Хата была тёплая, саманная. В холодную зиму пацаны грелись на русской печи, щебеча там на радость родителям, затаскивая туда и голоштанного Зинька. Печи тогда добрые клали, семейные, с тёплой лежанкой. Пацанам на той печи каждый угол – родной. Одна печаль – много места занимал бочонок с брагой. Играла там к празднику, мешала пацанам ногами пересиливаться. Уж крепкие были пострелы – кляп из бочки высадили. Брага-то играла добре, струя по хате враз брагу разметала. Дед и перепугаться не успел – пацаны с Даньком впереди окно вынесли и в ночном саду, в снегах исчезли. Босые, в рубахах сподних. Зинько то со всеми исчез, тот по младенчеству вообще без штанов.
Бабушка с перепугу на подворье тоже босая выскочила. Зовёт детей, умоляет – Зинька ж застудытэ, идить до хати. Из темноты сада голос старшего – Зинька мы на руках трымаемо, а до хати нэ пидэм, бо батько бытымэ. Бабушка в слезах, обещает, что отец наказывать не будет. А из темноты упрямое – Нэхай сами про цэ скажуть. Дед пока рамы на место вставил, да чем попало позатыкал вместо стёкол, Данько младших отсылает в хату. Те ни в какую – Бэз тэбэ нэ пидэмо. Дед на двор вышел, вожжи в снег кинул , в сад гукае – Идить, хлопци до хаты, нэ буду быты.
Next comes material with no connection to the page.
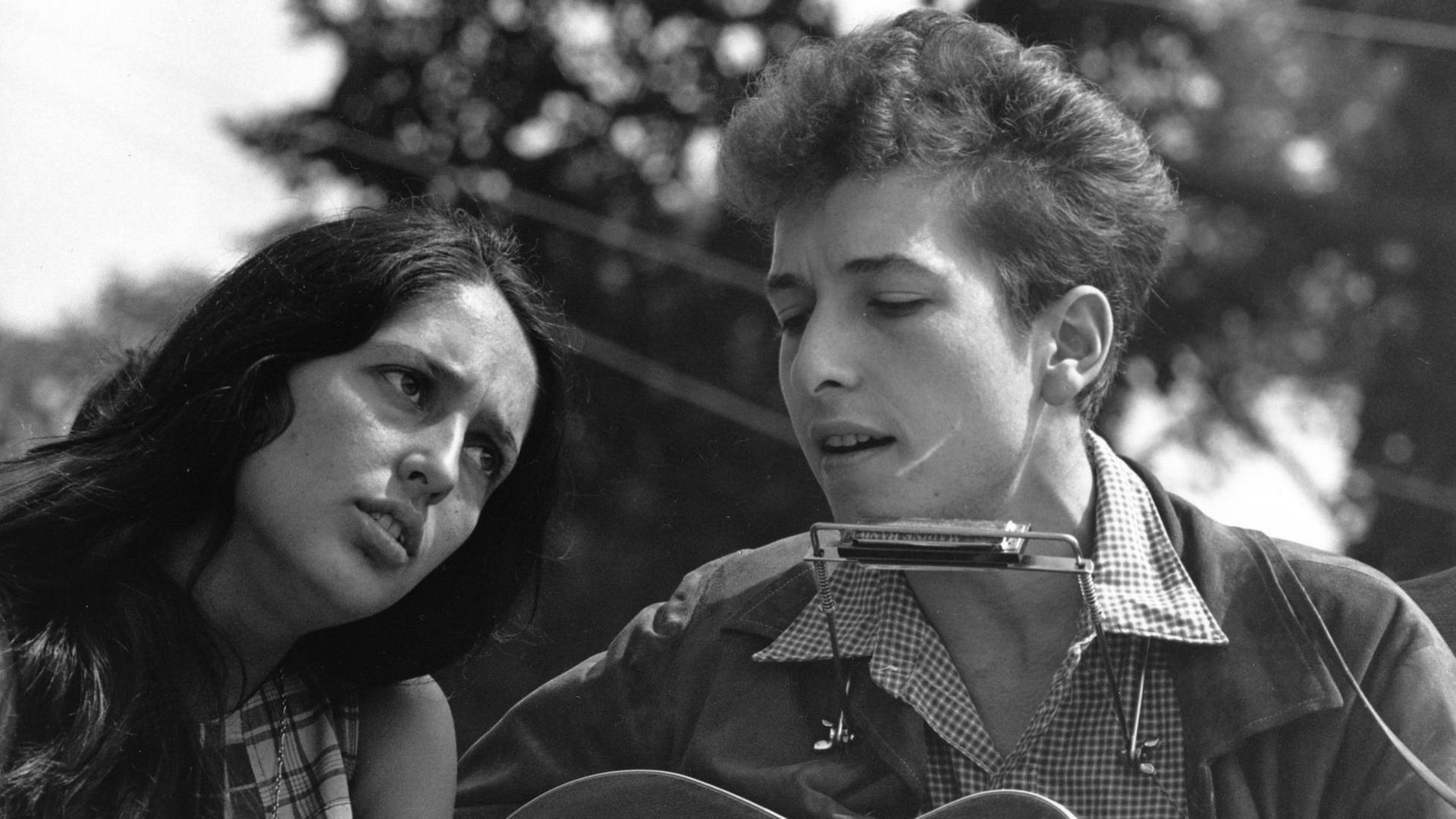 Ein Schwarzweiß-Foto zeigt eine Frau in Sommerkleid gelehnt an die Schulter eines Mannes mit Akustik-Gitarre und Mundharmonika Das Traumpaar des Folk: Joan Baez und Bob Dylan Hier 1963 am Rande des "Marschs auf Washington "1963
Из сада выходили гуськом, с Даньком во главе, настороженно. Зинька, поджавшего ноги, тот нёс на руках. Бабушка рассказывала – Хоча б одын тоди носом зашморгав, от розбышакы.
Давно уж нет дедовой хаты. Красивый кирпичный забор, словно китайская стена, оторвал от старой сельской улицы добротный дом-шоколадку. Лишь старый пень, сиротливо торчащий у дороги, всё так же заставляет меня умерить шаг. Мало кто из стариков помнит это дерево, а мне всё чудится в вышине шелест листвы той дедовой груши, которая была большой уже тогда, когда появился на свет мой отец. Время стёрло на пне годовые кольца. Как надо стараться, чтобы не стёрлось из памяти наше прошлое, светлые образы наших предков.